→ WHAT THIS TASK INVOLVES: Nothing but the lines from the top of the data to the line holding "In order to" should be printed, word for word and both ends included; leave the pictures out.
________________________________________
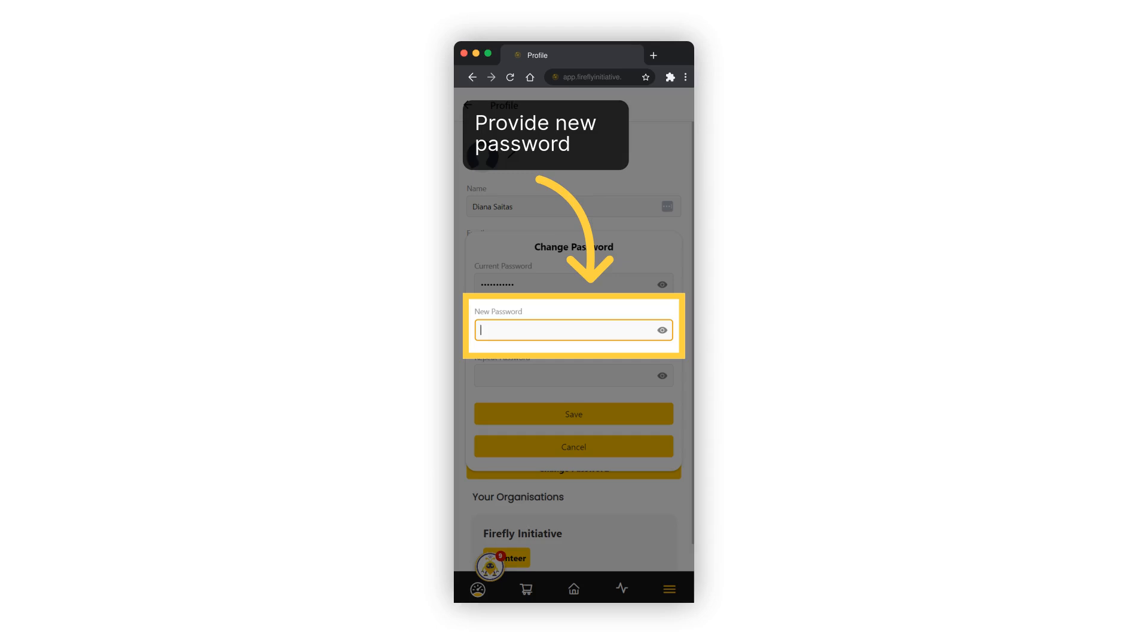Enter a new strong password. A strong password ensures that your personal and sensitive information remains private and secure within the app.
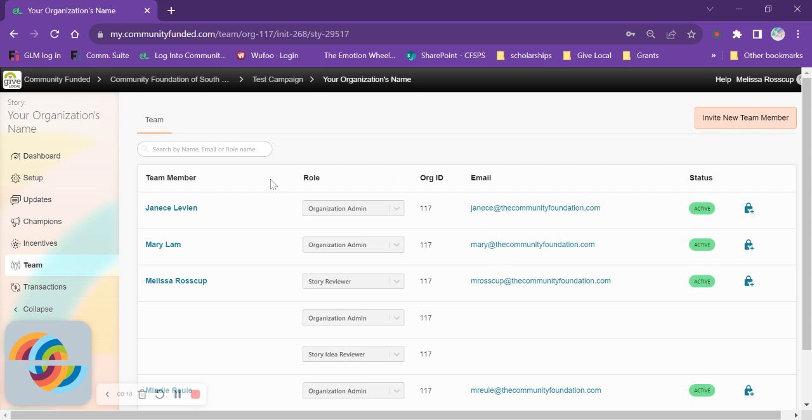In order to get here you will go on the left-hand side of your screen of your login screen to go to team and that will put you at the dashboard.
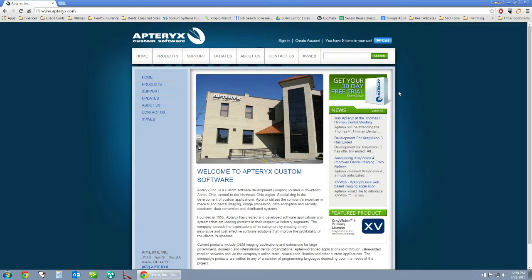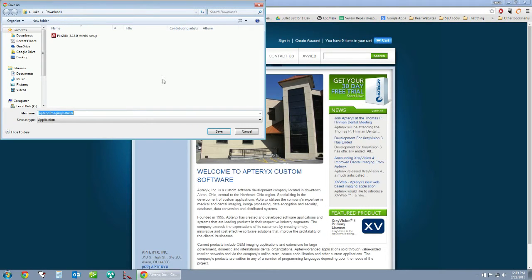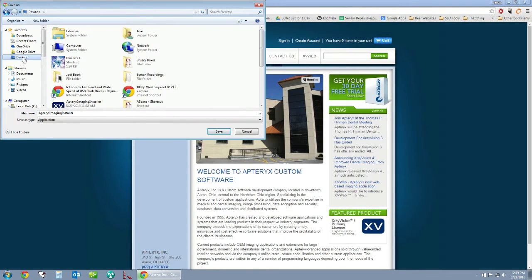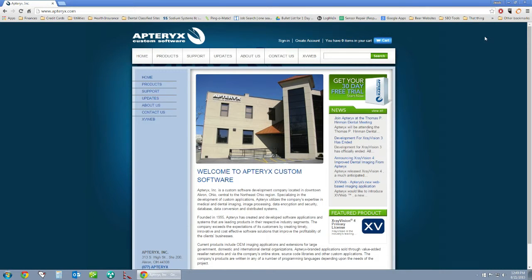This file will be used whether you want a 30-day trial to check out the software, or if you already have a license code and you're installing a permanent version on your workstations. Go ahead and click on 'Get Your 30-Day Free Trial' — it will prompt you to download the file. Save it to your desktop, which is the ideal spot. Once downloaded, go to your desktop and open it up.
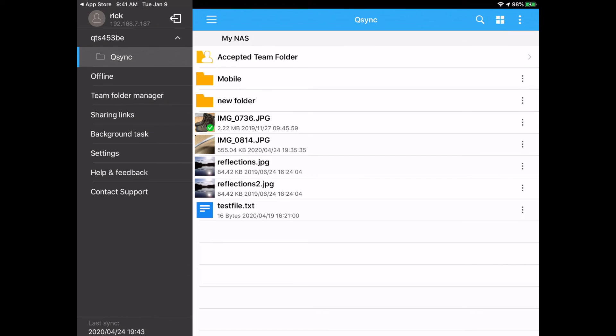So QSync Lite for the iPad works a little different from the desktop clients in that it doesn't automatically sync everything. You actually have to define things you want to sync. I think the reason they do that is because most people probably aren't going to want to sync like 200 gigabytes of files to their iPad, whereas it might not be a big deal on their desktop computer.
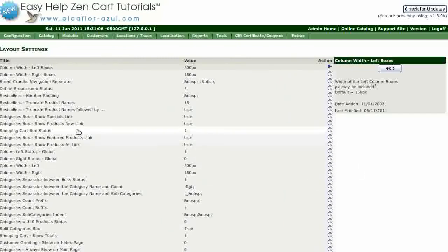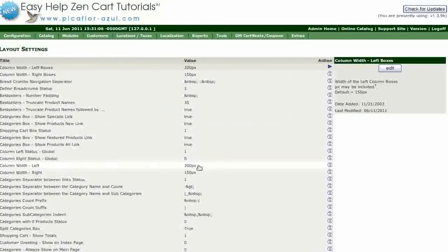Look a little further down to column width left. If your new sidebox width is greater than this number, then you'll want to change it.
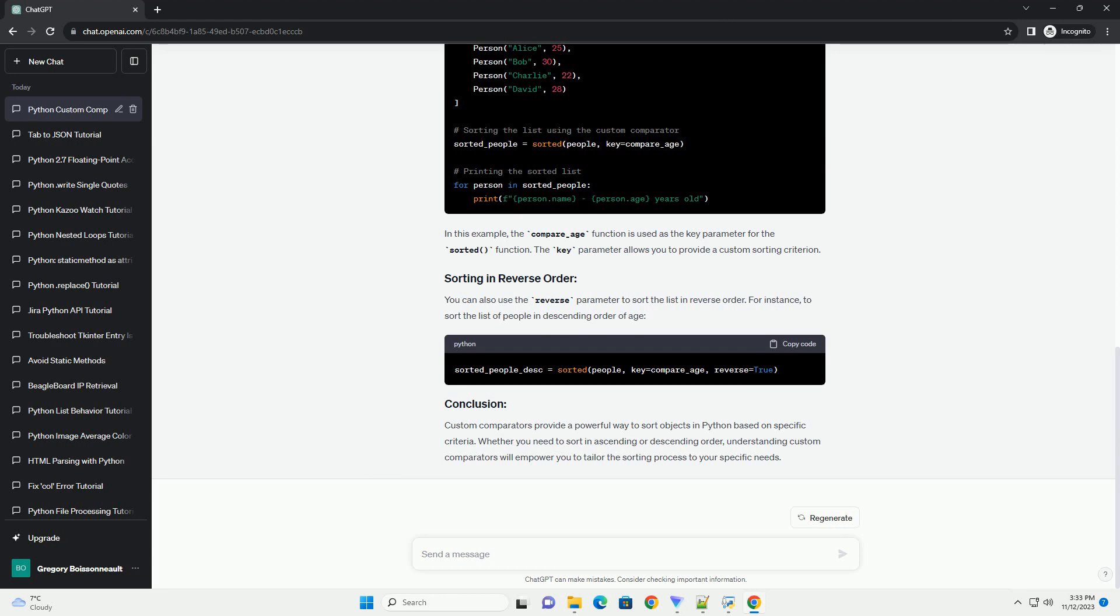In Python, custom comparators are commonly used with sorting functions like sorted or the sort method of lists.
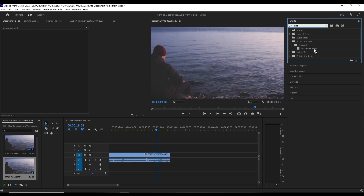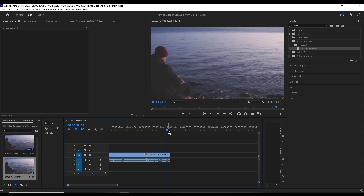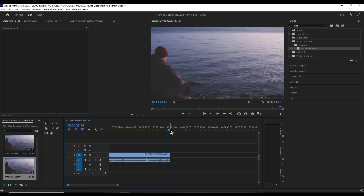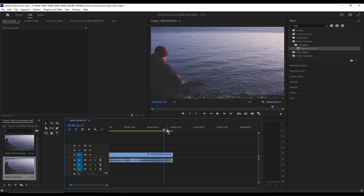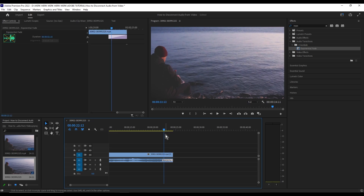This one right here. Now simply drag the effect onto the audio. Exponential fade is a bit short in duration, so you might want to drag its end to the left to increase its duration, just like so.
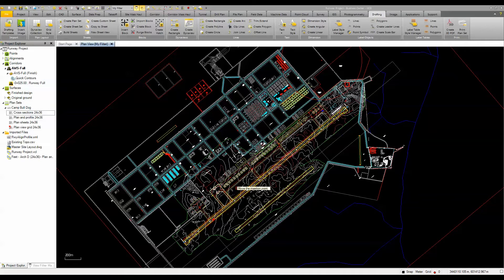We're going to take a few moments to look at the Advanced Drafting functionality found in Trimble Business Center Heavy Construction Edition. The Advanced Drafting module is an add-on to the core module and will provide some additional features for enhancing your projects and creating plan sets and plan sheets. Let's take a look at some of the features inside the Advanced Drafting module, starting on the drafting tab with labeling objects, dimensioning, inserting blocks, hatch patterns, and so on.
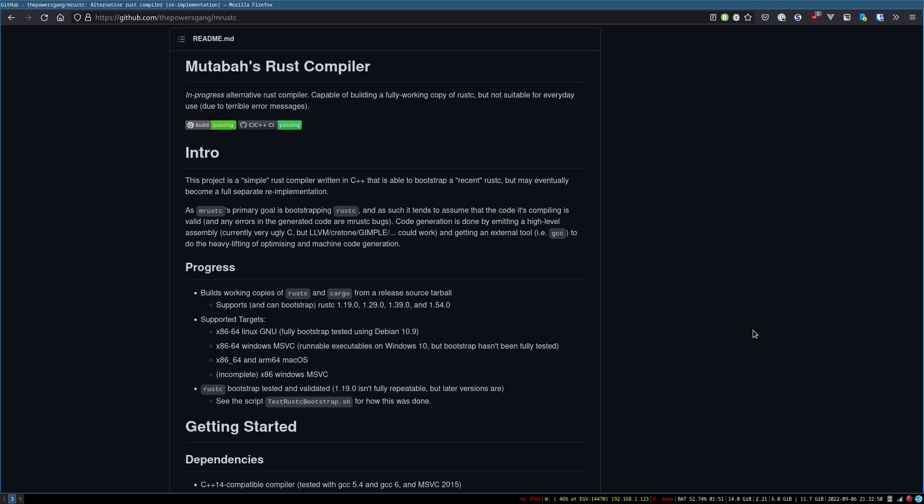Then you have a C compiler you can now trust. Well, I guess, first, you'd have to write an assembler in machine code, but, yeah, I guess the question is where to start, but, I mean, I guess if you really want to establish trust, you'd have to do that.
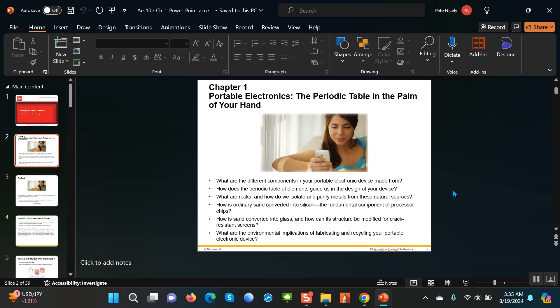We're going to start off in this course with chapter one, which deals basically with matter to begin with, and then we'll move on to the periodic table and then some other related topics.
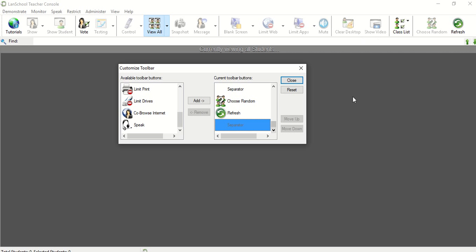So thank you so much. I hope this has helped you understand how to customize your toolbar. If you have any LANSchool questions please leave them in the comments below or feel free to send me an email. If you are interested in more LANSchool videos I will include a card above that has a link to my LANSchool playlist as well as included in the description box below. Thank you so much and have a great day.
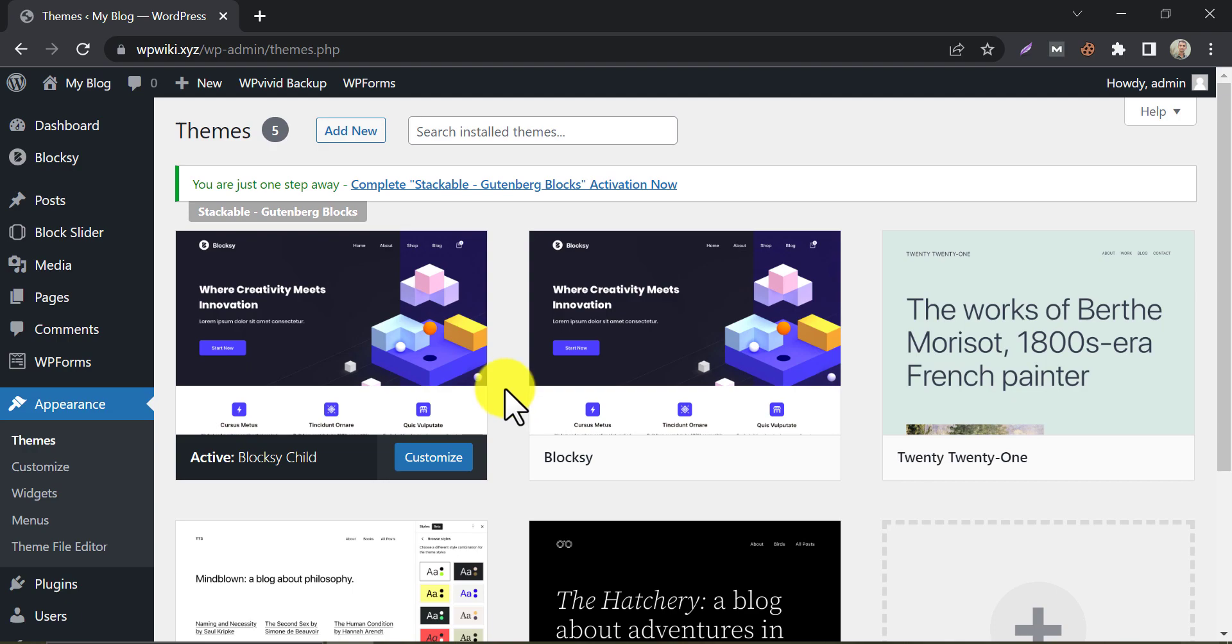So, this is the video on how to migrate WordPress site to new host. If you have any questions, then feel free to ask me in the comment section. If it works for you, then please hit the like and subscribe button below. Thank you.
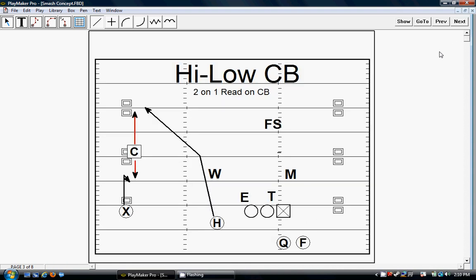Like I said, it's a high-low read. This concept is we're getting two-on-one on the corner. We're trying to get him to look at something shallow and then something deep, and he has to decide which one he's going to cover. Since most defenses, the corners are usually a deep-type team, we think they're going to cover this deep route and give us this freebie underneath.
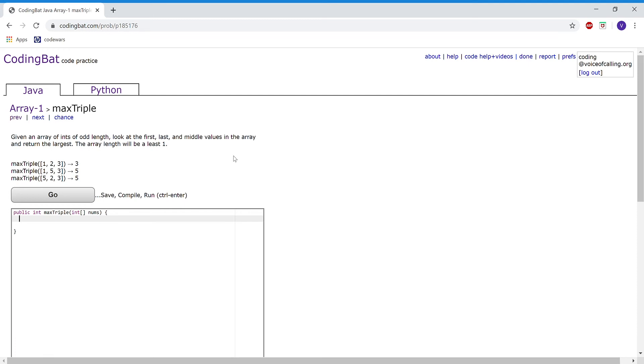So first, I'm going to create an integer variable called largest that we will output at the end of our program.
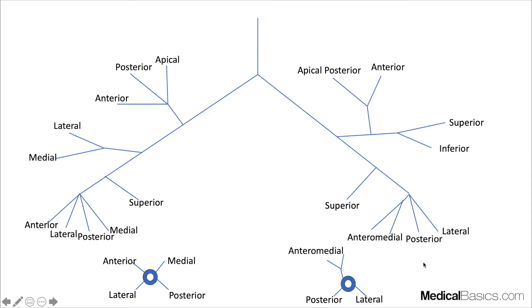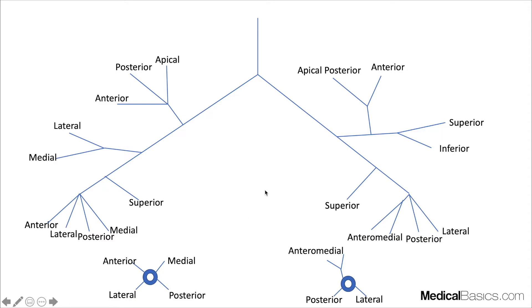If you were to look down the barrel of a pulmonary artery and cut it in the axial plane, the anterior goes toward the upper right, medial toward the upper left, lateral down to the right, and posterior down to the left — all still within the right lower lobe.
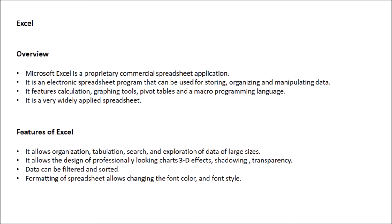Some features of it include that it allows organization, tabulation, search, and exploration of data on large sizes. It allows the design of professionally looking charts, 3D effects, shadowing, transparency, etc. Data can be easily filtered and stored in Excel and many more.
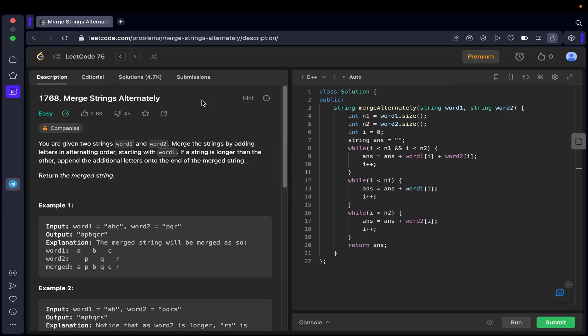Hey guys, today we are solving an easy level LeetCode question. The name of the question is 'Merge Strings Alternately'. You are given two strings, word one and word two. Merge the strings by adding letters in alternating order starting with word one. If a string is longer than the other, append the additional letters onto the end of the merged string. Once you merge them, you need to return the merged string.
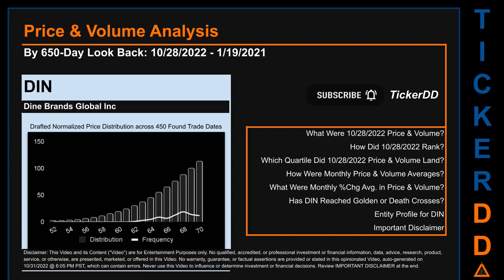Hello, my name is Lily. I am one of TickerDD.com's AI bots, here for your daily stonking. This video does not contain or offer any qualified, accredited, or professional investment or financial information, research, advice, or products and services. See the important disclaimer at the end of this video. This video is only for your entertainment purposes, my capitalistic brothers and sisters.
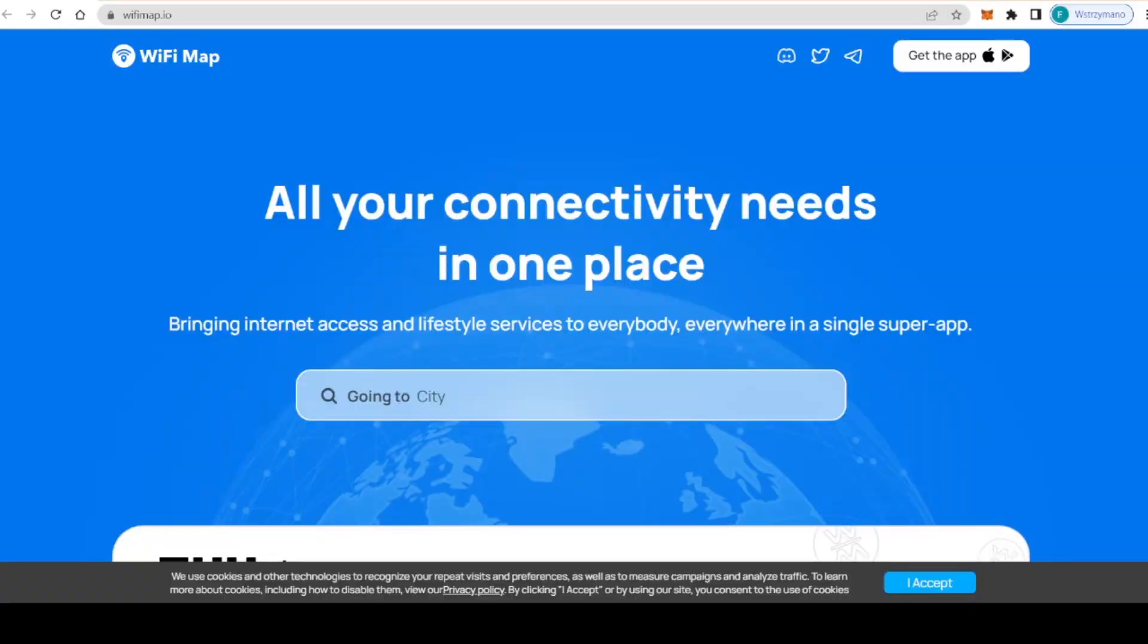Hey guys, hello and welcome. Today we're going to talk about something that is going to revolutionize the way we connect to the internet. It's called WiFi Map and I can't wait to tell you all about it.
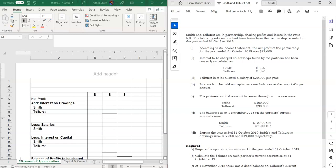We will not be preparing a full income statement, as that was covered in a previous video. We will pick up where the net profit has already been calculated. Now let's look at the question: Smith and Tullhurst are in partnership sharing profits and losses in the ratio of five to three. The following information was taken from the partnership records for the year ended 31st of October 2019.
________________________________________
→ REPLY:
Enter a new strong password. A strong password ensures that your personal and sensitive information remains private and secure within the app.
In order to get here you will go on the left-hand side of your screen of your login screen to go to team and that will put you at the dashboard.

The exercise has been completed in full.